The Mantra of Ultralight Hiking
Weight was not really too much of an issue for me before I discovered the hiking style and trend of ultralight hiking. Now, whenever I buy new products, weight is an important factor on the lines of quality and comfort.
The mantra of ultralight hiking is basically to:
shrink the weight of everything in your pack but your naked body to as low as possible without comprising on quality, safety or comfort.
When is your pack considered 'ultralight'?
Here, we will usually take a look at the Base Pack Weight: everything in your pack except for consumables (food, water, and fuel for your stove).
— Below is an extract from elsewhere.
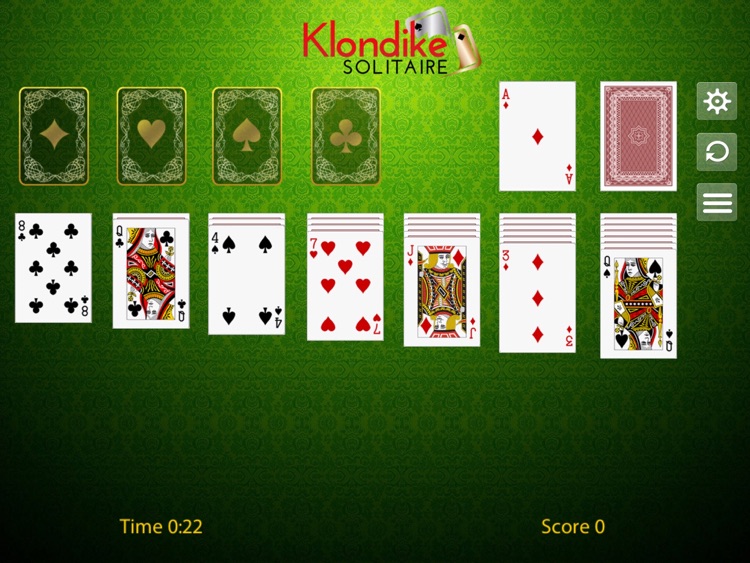 Solitaire Klondike HD screenshot-3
There are no rules set in stone, but the following hiking categories are widely accepted within the ultralight hiking environment:
- SuperUltraLightweight - under 2,2 kg. / 5lb.
- UltraLightweight - under 4,5 kg. / 10lb.
- Lightweight - under 9 kg. / 20lb.
- Traditional - under 13,6 kg. / 30lb.
- Heavy - over 13,6 kg. / 30lb.
The Mindset of a UL Hiker
Terms like base weight, worn weight, and skin-out weight have been around for a long time, but they are been used more and more due to the phenomenon of ultralight hiking. Many hikers have adapted this style and use forums like the ultralight subreddit on reddit.com to evaluate their choice of gear, discuss new products on the ultralight market and to ask for someone to give their gear list a shakedown (= hiker lingo for constructive criticism of gear choice).
The typical ultralight hiker is minded towards multi-day hiking or long distance hiking like the 4500 kilometer Pacific Crest Trail or the 150 kilometers The West Highland Way (which I am planning to conquer with my partner-in-crime, Amalie, in summer 2018). When planning long-distance hikes or thru-hikes, gear lists often come in handy and I made about how I do my hiking gear lists.
Ultralight Hiking Glossary
Base Pack Weight
Everything in your pack except for consumables (food, water, and fuel for your stove).
Everything that is not in your pack, but it still carried with you on the trail (e.g., sun umbrella, worn clothes, trekking poles).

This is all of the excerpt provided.